= Zora (vampire) =

Italian comic book erotic character

The cover to Golden Lady #2.

Zora (Italian: Zora la Vampira) is an Italian comic book erotic character from the 1970s. Zora la Vampira ("Zora the vampiress") is one of many such characters from the Italian fumetti tradition. Other figures from the same era, and with similarly violent or erotic preoccupations, include Maghella, Lucifera, Biancaneve, Vartan, Jacula, Sukia, and Yra.

== History ==
The first comic book was published in 1972. Zora la Vampira was published from 1972 to 1985. With its mixture of sex, horror, violence and nudity, it was one of the Italian adult comics that had come to replace the pulp fiction paperbacks of the 1960s. Zora featured a blond female protagonist who, on some covers, resembles French actress Catherine Deneuve. The series was published by Edifumetto. The cartoonists were Renzo Barbieri and Giuseppe Pederiali as writers and Birago Balzano as artist. Emanuele Taglietti and Alessandro Biffignandi painted the majority of the covers for the series.

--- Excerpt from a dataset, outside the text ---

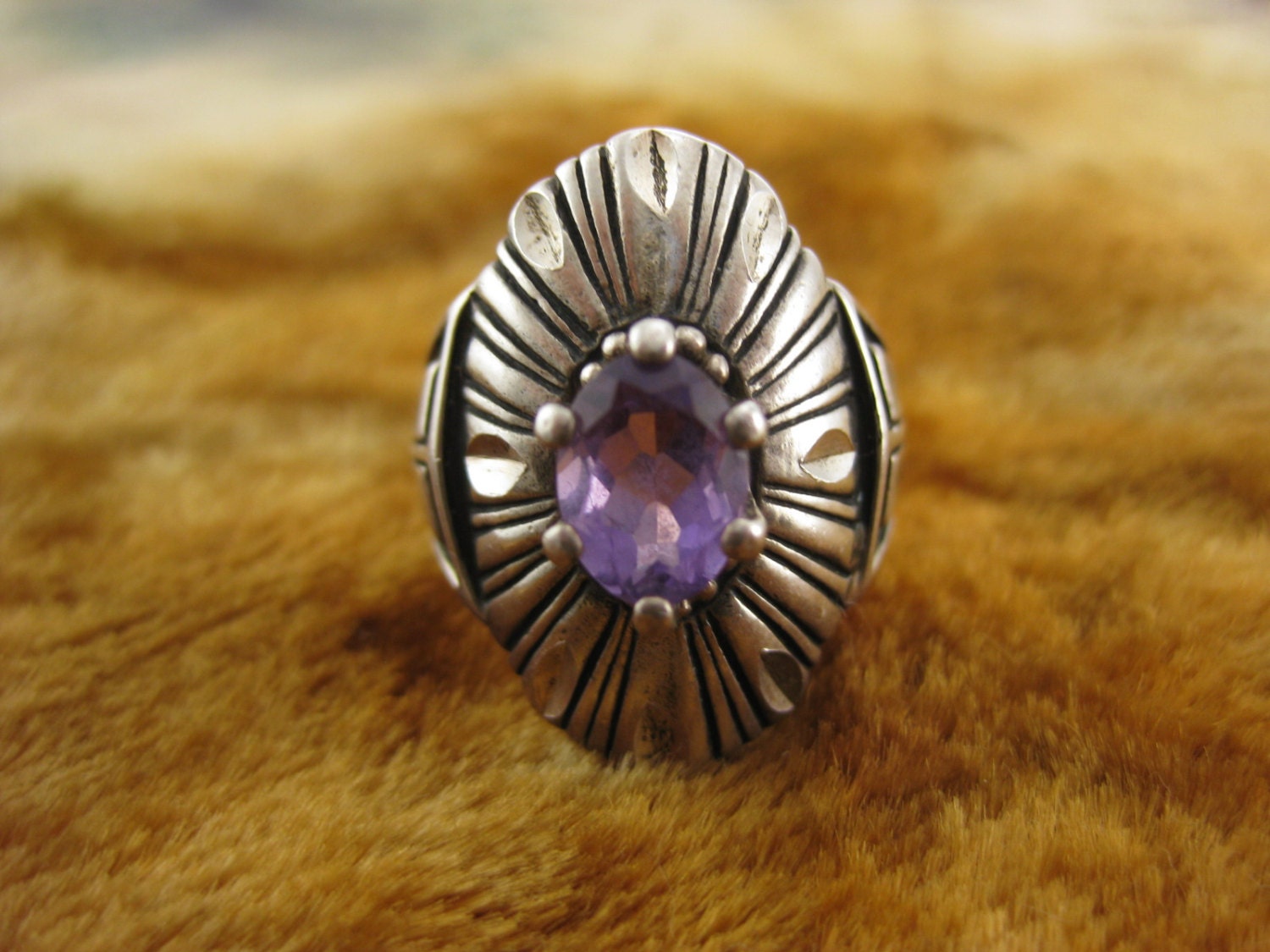 Ring - Size 7 1/2 - Sterling Silver - Amethyst Stone - Carolyn Pollack - Etched Silver Ring - Purple Women Ring - Signed CJ STER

Together with the original series, stories of Zora were published also in the comic magazines Orror, I Notturni and Fasma. The series was also published with some success in France, where new stories were produced even after the closing of the series in Italy. A new 13 episodes miniseries of Zora, renamed as "Lady Vampyre", was published in 2001; cartoonists were Paolo Puccini and Daniele Statella.

== Plot ==
The character's real name is Zora Pabst, a 19th-century aristocrat who has been possessed by the spirit of Dracula. She travels her way around the world and even into outer space, satisfying her sexual desires and her lust for blood. Her adventures are a mixture of horror, eroticism, and pornography.

== Legacy ==
A film inspired by the character, also named Zora la Vampira, was released in 2000, directed by the Manetti Brothers.